The largest is San Pedro Market, close to Plaza San Francisco, and is an experience not to be missed. San Blas Market, on the corner of Tanda Pata and Lucrecalle, and Wanchaq Market, on Calle Huascar, are smaller, but might be more convenient to your hotel if you’re just shopping for dinner. San Blas also has a good selection of art; the surrounding neighborhood is well known for its home studios that open to the public at irregular hours.
For better deals and more atmospheric surroundings, be sure to visit one of the Sacred Valley’s markets. Enormous Pisac Market, just half an hour from Cusco, is a popular choice, and convenient to Sacsaywaman and the Pisac Ruins. The main event is on Sunday, with smaller markets on Tuesday and Thursday, running 8am to 5pm. Consider planning your Sacsaywaman excursion accordingly, as tour buses usually make the stop.
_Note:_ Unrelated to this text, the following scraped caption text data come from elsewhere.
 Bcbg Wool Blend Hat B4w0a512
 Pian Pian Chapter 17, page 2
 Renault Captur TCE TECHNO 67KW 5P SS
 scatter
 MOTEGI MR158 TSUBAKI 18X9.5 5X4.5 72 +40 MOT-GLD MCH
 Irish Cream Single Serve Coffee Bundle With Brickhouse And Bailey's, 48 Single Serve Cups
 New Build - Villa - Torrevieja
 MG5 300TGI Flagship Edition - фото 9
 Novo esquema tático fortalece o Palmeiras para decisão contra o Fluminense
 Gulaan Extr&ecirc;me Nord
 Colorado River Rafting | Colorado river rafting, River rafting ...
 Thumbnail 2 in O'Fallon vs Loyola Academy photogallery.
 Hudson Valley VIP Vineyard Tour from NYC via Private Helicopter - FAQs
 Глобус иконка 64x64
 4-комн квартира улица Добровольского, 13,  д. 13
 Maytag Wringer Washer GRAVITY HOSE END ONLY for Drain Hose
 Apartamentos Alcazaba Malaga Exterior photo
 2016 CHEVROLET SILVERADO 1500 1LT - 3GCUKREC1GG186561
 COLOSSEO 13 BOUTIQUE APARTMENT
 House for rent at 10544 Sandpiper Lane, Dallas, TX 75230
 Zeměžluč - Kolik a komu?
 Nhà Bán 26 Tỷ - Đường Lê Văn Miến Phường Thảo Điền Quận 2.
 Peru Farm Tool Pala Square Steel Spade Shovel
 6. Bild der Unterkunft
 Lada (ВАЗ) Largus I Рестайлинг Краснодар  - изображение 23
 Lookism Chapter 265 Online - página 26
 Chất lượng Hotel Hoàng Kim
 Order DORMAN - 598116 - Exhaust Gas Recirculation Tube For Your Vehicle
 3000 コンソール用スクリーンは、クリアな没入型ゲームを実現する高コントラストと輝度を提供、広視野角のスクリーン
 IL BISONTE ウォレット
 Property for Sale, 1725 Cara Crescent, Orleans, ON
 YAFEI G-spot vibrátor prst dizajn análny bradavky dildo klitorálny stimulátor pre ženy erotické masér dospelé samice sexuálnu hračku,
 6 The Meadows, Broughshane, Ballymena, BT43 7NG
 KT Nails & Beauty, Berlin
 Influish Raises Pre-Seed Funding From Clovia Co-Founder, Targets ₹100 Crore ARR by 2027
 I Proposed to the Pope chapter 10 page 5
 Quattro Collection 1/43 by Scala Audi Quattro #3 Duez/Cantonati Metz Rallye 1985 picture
Chinchera Market, about 30 km (19 miles) from Cusco, is considered one of the most traditionally indigenous markets in the region. Like Pisac, the biggest market is held on Sunday, with smaller markets on Tuesday and Thursday. All manner of handicrafts and food items are on offer, some of them very high quality. A great trip.
The towns of Juliaca (about 5 hours from Cusco) and Puno (6 hours from Cusco) both have weekend markets with excellent prices. San Sebastian and Quiquijana (on the way to Sicuani) also have Sunday markets. Public buses connect both towns to Cusco, but less adventurous souls can organize tours through a variety of operators.